Henry VII (Heinrich; c. 1275 (or 1279) &ndash 24 August 1313) was the King of Germany (or Rex Romanorum) from 1308 and Holy Roman Emperor from 1312. He was the first emperor of the House of Luxembourg. During his brief career he reinvigorated the imperial cause in Italy and inspired the praise of Dino Compagni and Dante Alighieri.
He was a son of Count Henry VI of Luxembourg and Beatrice of Avesnes. His son, John of Luxembourg, was elected as king of Bohemia in 1310. On 15 August 1309, Henry VII announced his intention to travel to Rome and expected his troops to be ready to travel by 1 October 1310. He then travelled to Rome to be crowned as emperor, the title having been vacant since the death of Frederick II. His coronation was on June 29, 1312.

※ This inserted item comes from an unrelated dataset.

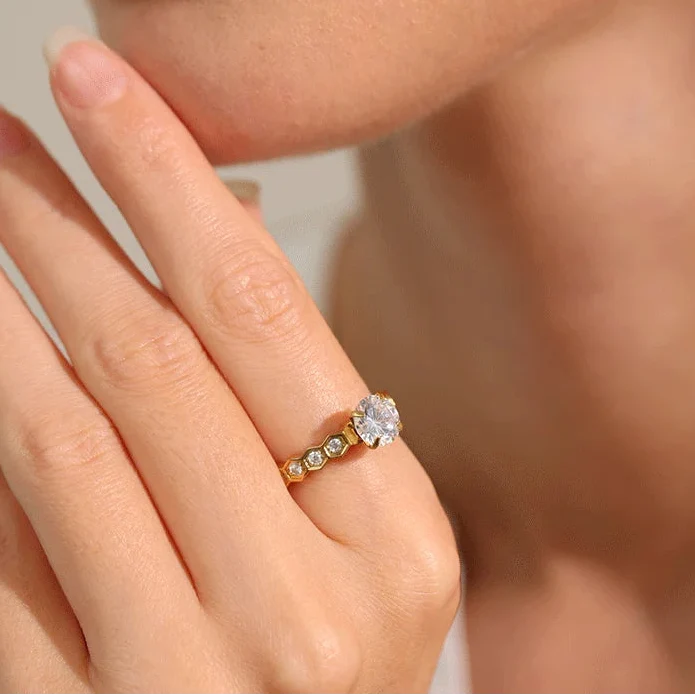 Tiffany Ring by Louryx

As Emperor he planned to restore the glory of the Holy Roman Empire, and indeed he restored imperial power in parts of northern Italy, fighting against the anti-imperial commune of Florence. However, he quarrelled with the Guelphs and Ghibellines, especially in the free cities in Tuscany, and King Robert of Naples and Pope Clement V were both worried about his firm imperial policies. Henry wanted to punish Robert of Naples for his disloyal actions (As Count of Provence, Robert was technically Henry's vassal), but he died on August 24, 1313, near Siena.
Henry is the famous alto Arrigo in Dante's Paradise, in which the poet is shown the seat of honor that awaits Henry in Heaven. Dante also alludes to him numerous times in "Purgatorio" as the savior who will bring imperial rule back to Italy, and end the inappropriate temporal control of the Church. Henry VII's success in Italy was not lasting, however, and after his death the anti-imperial forces regained control.
After the death of Henry VII, two rivals, the Wittelsbach Ludwig of Bavaria and Frederick the Handsome of the House of Habsburg, laid claim to the crown. Their dispute culminated in the Battle of Mühldorf on 28 September 1322, which was lost by Frederick.